Infrarotlicht ist sehr langwellig und für unsere Augen nicht sichtbar. Da alle Körper elektromagnetische Strahlung aussenden und diese stark von deren Temperatur abhängt, werden im Infraroten deutlich kühlere Objekte beobachtet wie zum Beispiel Sterne. Vor allem Planeten, Monde und Staub in unserer eigenen und in fremden Galaxien sind solche kälteren Körper, die nur infrarotes Licht aussenden. Infrarotlicht selbst wird vor allem von Wasserdampf absorbiert, sodass es unterhalb der Atmosphäre nicht beobachtet werden kann. Deshalb kann man einen Satelliten starten oder ein 17 Tonnen schweres Teleskop in ein Flugzeug einbauen und dieses drei Abende pro Woche von Palmdale in Kalifornien starten lassen.

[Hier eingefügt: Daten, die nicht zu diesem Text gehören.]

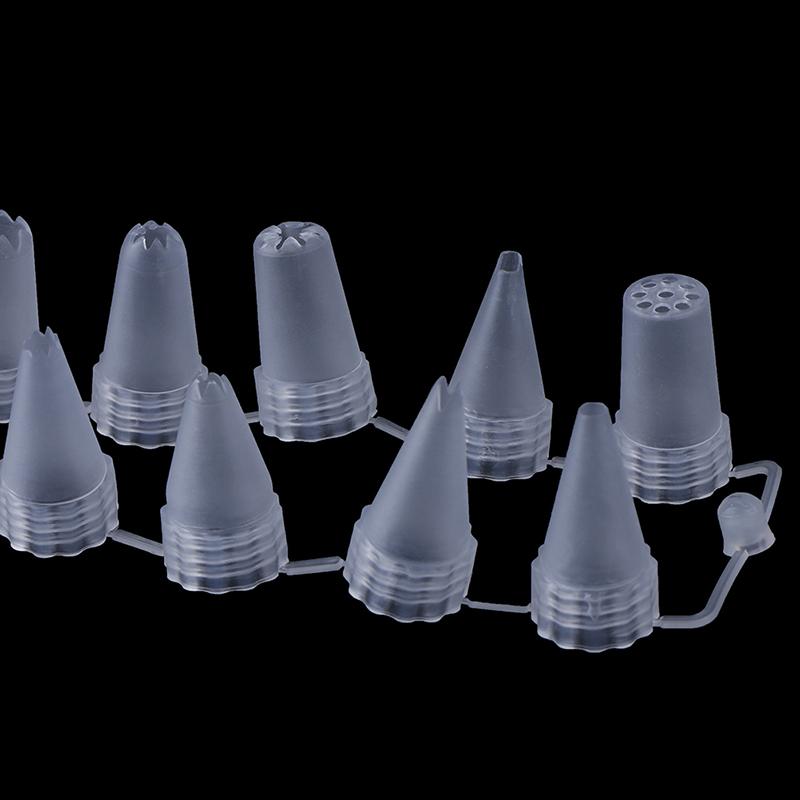12Pcs/Set Plastic Icing Piping Cream Confectionery Nozzle Tips Cake Decor Tools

Das Deutsche Zentrum für Luft- und Raumfahrt (DLR), vertreten durch das Deutsche SOFIA Institut an der Uni Stuttgart, schickt uns auf zwei dieser Flüge mit.

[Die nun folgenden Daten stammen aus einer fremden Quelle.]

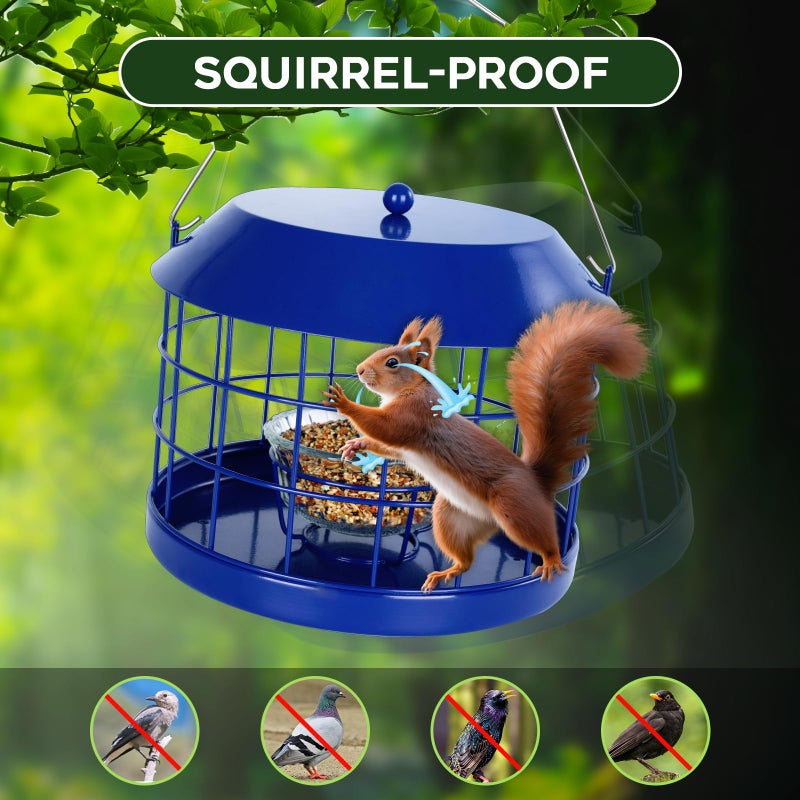 Gbekery Caged Bluebird Feeder for Mealworms with Glass Bowl, Squirrel Proof Bird Feeder for Small Birds Only, Detachable Hook, Large Space, Outdoors Weatherproof, Metal, Blue - Image 3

Am ersten Beobachtungstag im September steigt SOFIA auf 39.000 Fuß, öffnet das Tor am Heck und beginnt sofort mit der Arbeit: Setup und Einstellen der Lagerung, Nachführung und Optiken auf die Beobachtungsbedingungen. Danach spüren wir eine Linkskurve und es geht in leichter Kurvenbahn (gegen die Erddrehung) nach Westen. Erst über Land, dann überm Pazifik wird der nördliche Randbereich des Mondes gerastert. Im Spektrum des vom Mond reflektierten Lichts erkennt man bei 6 Mikrometern ein Maximum, welches auf eingeschlossene Wasservorkommen schließen lässt. Anicia von einem amerikanischen Forschungsinstitut erklärt uns, dass untersucht wird, ob die Vorkommen abhängig von der geografischen Lage, der Tageszeit und den geologischen Formationen sind. Unter anderem soll damit die nächste Mondmission vorbereitet werden.

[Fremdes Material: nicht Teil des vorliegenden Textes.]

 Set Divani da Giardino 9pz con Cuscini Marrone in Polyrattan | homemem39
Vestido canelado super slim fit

Außerdem erklären uns Missionsdirektor William und Teleskopingenieur Oliver, wie komplex die Flug- und Beobachtungsplanung ist. Astronomische Ziele müssen mit Erdrotation, Tageszeit, Beobachtungseinheiten, Teleskopparametern, gesperrtem Luftraum und der Heimkehr an den Startflughafen nördlich von Los Angeles abgestimmt werden. Das Teleskop muss auf Bruchteile von Millimetern genau Turbulenzen und Schwankungen der Flugrichtung ausgleichen und gleichzeitig präzise auf das Ziel gerichtet bleiben.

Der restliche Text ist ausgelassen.